And does anyone else get the warm and fuzzy feelings from looking at these pics, even though there's nothing you could possibly use that much power for? Ahhh, power...
1. Re:Pics by Anonymous Coward · 2005-03-25 02:47 · Score: 2, Informative
  
  I work at IBM in Rochester Minnesota where the machines are built and housed and I have seen the machines that are being shipped around and installed at Lawrence Livermore and other places... it is an awesome sight. VERY LOUD with the hugs fans above it, and the floor in the building had to be dug down 4 feet to allow for the cabling and air ducts to run underneath everything. What most surprised me is not how fast it is, but how well they were able to get it to scale by using fairly low power processors. The power is not in the processors in it, which are low power to conserve electrocity and heat, but in how amazingly well it scales.
Re:Math Error? by Anonymous Coward · 2005-03-24 20:43 · Score: 5, Informative

Lets see if I can get this right. I'm going to talk a little bit out of my ass now, but here goes:

Every 512 node backplane has a peak of 1.4tflop/s according to their design doc.

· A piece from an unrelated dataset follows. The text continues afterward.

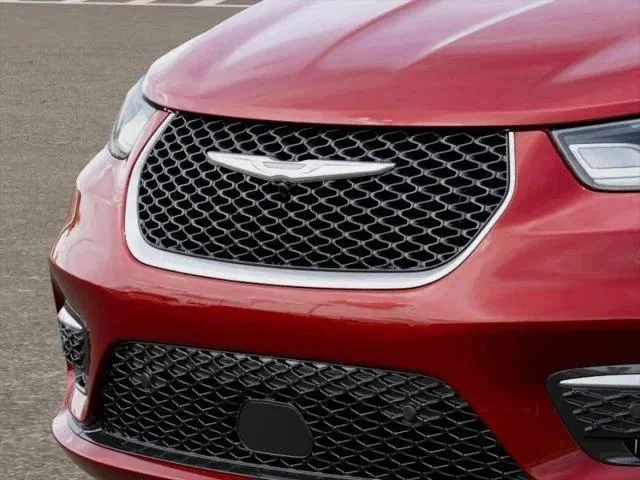 New 2026 Red Hot Pearl-Coat Exterior Paint Chrysler Pinnacle image 7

The 32k system benched in at 70. The theoretical peak was 91, so the actual performance is about 77 percent of the peak, which is pretty normal.

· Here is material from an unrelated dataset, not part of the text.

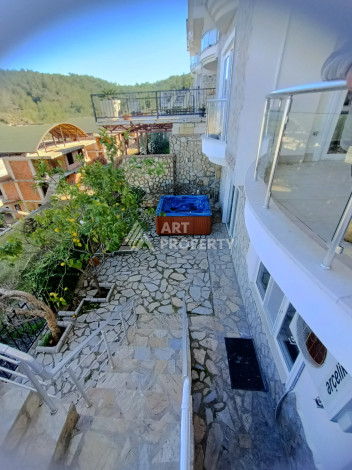 Просторная вилла 7+1 с огромной терассой в районе Каргыджак - Ракурс 32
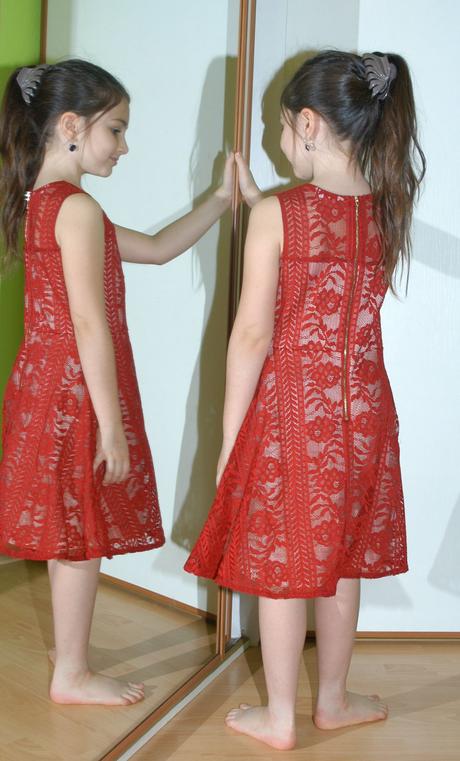 Slavnostní sváteční společenské dívčí šaty, river island,140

The 64k system benched in at 135. The peak should be around 182, so that is 74 percent of the peak.

The design goal is for 360 at 64k. I'm guessing that 360 is the peak, because my rough estimate calculations put the of 64k nodes at about 364. Lets be nice and assume 70% of peak in the actual machine. That would indicate around 255tflop/s at 64k nodes of actual performance, assuming the thing scales at about the same rate.

So, they got their math right as long as they are claiming a peak of 360. That's a theoretical max, and so never actually reached. The actual is notably less. My numbers are estimates, and so 364 not equalling 360 doesn't bother me much in the end.

Anyone care to correct anything?

Also, can someone explain to me why Cray's Redstorm won't kick this things ass performance wise. Redstorm should have 10k processors, but they are 64bit Opteron 2.4ghz processors with 4x the ram per node. These, I believe, are 700mhz processors.

I'm confused because Redstorm only has a theoretical peak of about 40tflops off the 10k nodes. IBM's system at 10k should have a peak at around 30tflops. I'm wondering how 64bit opterons at more than 3x the speed could only be 10flops faster at 10k nodes than 700mhz 32bit PPCs with 1/4 the ram. Can someone please explain?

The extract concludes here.